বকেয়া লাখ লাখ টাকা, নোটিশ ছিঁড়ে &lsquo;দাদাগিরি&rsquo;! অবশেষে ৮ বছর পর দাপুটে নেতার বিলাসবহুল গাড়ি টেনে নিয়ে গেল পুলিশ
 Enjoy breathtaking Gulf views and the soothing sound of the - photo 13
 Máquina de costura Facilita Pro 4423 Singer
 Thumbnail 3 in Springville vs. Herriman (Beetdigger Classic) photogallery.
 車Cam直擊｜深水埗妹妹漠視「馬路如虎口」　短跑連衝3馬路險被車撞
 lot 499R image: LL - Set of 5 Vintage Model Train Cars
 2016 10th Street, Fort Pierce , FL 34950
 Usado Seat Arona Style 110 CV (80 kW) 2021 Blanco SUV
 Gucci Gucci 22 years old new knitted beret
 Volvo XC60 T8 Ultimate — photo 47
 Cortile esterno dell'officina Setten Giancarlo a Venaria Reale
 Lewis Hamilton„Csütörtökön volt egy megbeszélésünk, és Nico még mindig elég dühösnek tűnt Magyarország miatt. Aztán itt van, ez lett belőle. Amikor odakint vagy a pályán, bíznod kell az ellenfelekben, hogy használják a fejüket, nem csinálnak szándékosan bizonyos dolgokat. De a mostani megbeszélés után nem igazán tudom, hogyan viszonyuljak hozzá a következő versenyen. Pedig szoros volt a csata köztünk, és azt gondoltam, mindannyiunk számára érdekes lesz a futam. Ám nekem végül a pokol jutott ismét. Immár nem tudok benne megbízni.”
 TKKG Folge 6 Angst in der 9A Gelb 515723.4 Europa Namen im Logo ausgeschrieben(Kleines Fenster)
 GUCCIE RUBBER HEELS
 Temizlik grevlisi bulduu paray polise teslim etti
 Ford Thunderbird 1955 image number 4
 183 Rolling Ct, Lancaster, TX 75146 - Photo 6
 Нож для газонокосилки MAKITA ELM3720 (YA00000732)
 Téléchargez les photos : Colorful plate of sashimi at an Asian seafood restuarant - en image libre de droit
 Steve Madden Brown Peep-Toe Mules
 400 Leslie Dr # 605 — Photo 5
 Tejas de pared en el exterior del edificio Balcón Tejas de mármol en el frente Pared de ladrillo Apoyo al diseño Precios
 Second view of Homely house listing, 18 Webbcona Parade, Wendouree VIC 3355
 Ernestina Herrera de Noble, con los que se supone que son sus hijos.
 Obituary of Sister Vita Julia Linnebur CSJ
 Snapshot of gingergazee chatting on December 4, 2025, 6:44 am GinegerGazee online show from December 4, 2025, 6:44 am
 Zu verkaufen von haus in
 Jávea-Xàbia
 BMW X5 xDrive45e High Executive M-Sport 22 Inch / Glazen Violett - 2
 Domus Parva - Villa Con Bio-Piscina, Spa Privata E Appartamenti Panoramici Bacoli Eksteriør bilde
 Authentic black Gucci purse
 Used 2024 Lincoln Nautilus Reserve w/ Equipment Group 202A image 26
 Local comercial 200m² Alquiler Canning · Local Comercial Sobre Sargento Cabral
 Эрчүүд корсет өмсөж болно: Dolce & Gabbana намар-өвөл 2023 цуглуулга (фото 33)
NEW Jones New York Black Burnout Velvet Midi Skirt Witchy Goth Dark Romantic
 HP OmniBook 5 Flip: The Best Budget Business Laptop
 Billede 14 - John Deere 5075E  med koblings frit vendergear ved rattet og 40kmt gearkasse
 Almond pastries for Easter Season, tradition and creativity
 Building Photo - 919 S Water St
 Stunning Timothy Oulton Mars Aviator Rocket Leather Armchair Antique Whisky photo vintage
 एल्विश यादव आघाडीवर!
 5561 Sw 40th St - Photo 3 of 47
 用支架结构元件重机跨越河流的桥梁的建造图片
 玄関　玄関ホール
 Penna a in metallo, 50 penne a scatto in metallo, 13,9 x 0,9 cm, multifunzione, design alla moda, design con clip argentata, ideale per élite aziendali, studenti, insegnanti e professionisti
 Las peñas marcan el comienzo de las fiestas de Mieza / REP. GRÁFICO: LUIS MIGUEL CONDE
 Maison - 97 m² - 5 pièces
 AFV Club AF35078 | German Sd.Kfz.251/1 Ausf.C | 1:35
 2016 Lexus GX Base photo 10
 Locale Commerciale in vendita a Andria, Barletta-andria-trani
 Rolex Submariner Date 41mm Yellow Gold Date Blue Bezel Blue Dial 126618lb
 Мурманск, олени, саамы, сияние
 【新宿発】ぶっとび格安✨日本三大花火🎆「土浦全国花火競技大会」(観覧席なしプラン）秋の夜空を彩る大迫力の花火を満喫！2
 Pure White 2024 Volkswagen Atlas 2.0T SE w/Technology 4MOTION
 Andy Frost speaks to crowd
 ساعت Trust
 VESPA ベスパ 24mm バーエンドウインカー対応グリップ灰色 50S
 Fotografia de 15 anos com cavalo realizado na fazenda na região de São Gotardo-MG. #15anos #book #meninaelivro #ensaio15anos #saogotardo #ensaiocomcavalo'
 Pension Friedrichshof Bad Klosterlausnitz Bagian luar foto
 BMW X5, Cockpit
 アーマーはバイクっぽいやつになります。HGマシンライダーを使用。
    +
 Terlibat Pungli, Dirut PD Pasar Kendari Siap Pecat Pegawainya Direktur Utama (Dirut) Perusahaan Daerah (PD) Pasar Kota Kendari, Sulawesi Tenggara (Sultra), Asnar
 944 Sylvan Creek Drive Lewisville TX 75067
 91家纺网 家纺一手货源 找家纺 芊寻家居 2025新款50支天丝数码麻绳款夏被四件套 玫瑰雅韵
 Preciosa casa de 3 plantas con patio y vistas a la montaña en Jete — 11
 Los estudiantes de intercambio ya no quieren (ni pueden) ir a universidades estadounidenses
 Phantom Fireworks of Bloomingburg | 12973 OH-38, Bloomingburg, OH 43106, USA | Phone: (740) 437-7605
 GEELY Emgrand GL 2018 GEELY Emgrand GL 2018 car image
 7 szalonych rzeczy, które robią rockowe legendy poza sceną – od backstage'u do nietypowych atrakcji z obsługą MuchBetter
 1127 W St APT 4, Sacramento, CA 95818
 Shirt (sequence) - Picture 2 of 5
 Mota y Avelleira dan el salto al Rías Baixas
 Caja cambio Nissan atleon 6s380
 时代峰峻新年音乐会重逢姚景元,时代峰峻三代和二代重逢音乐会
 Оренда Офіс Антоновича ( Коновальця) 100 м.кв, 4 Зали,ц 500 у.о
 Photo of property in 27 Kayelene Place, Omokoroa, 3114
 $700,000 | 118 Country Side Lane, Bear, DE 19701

● ● ●

◆ **Work request**
Search each line of the data above for "image", and copy the lines where it occurs.

◆ **Answer to this problem**
 lot 499R image: LL - Set of 5 Vintage Model Train Cars
 Ford Thunderbird 1955 image number 4
 Téléchargez les photos : Colorful plate of sashimi at an Asian seafood restuarant - en image libre de droit
 Used 2024 Lincoln Nautilus Reserve w/ Equipment Group 202A image 26
 GEELY Emgrand GL 2018 GEELY Emgrand GL 2018 car image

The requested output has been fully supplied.